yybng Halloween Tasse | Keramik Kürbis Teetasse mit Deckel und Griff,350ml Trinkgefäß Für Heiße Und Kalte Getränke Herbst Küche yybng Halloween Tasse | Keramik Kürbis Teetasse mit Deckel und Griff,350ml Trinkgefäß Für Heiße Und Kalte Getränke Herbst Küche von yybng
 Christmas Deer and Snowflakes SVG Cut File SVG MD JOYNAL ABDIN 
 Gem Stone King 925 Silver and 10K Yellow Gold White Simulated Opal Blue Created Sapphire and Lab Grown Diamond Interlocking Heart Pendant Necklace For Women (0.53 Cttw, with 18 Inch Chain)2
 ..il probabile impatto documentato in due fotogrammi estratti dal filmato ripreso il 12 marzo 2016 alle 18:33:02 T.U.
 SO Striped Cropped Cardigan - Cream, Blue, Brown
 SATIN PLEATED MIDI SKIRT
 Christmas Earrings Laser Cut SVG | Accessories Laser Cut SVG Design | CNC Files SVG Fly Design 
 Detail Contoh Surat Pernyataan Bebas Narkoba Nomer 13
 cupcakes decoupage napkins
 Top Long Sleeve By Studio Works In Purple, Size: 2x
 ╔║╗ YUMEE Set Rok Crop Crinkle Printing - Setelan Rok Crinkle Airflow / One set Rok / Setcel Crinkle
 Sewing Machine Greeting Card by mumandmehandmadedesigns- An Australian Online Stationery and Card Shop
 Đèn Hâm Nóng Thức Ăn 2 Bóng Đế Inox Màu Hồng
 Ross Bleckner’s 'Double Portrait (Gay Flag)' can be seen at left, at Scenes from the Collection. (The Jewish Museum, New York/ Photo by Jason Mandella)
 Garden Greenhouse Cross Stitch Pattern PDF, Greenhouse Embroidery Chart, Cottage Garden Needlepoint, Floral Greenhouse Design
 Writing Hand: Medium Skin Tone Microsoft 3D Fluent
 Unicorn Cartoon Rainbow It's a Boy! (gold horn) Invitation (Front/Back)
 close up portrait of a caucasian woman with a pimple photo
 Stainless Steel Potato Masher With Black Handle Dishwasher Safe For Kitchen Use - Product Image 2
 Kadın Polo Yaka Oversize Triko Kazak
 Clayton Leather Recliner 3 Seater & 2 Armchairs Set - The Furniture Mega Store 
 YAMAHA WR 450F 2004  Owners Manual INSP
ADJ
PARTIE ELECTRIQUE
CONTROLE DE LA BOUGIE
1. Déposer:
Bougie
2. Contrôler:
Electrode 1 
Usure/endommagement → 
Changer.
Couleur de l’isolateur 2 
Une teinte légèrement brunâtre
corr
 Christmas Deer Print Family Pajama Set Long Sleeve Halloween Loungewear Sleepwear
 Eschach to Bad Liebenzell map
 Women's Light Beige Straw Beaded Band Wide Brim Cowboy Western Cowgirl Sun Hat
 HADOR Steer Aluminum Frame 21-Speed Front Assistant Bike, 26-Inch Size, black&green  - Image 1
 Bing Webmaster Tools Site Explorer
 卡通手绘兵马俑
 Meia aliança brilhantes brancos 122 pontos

***

WHAT THIS TASK INVOLVES >>
Restate exactly, and only, the line containing "Une teinte légèrement brunâtre" together with all lines after it to the end of the material.

TASK OUTPUT >>
Une teinte légèrement brunâtre
corr
 Christmas Deer Print Family Pajama Set Long Sleeve Halloween Loungewear Sleepwear
 Eschach to Bad Liebenzell map
 Women's Light Beige Straw Beaded Band Wide Brim Cowboy Western Cowgirl Sun Hat
 HADOR Steer Aluminum Frame 21-Speed Front Assistant Bike, 26-Inch Size, black&green  - Image 1
 Bing Webmaster Tools Site Explorer
 卡通手绘兵马俑
 Meia aliança brilhantes brancos 122 pontos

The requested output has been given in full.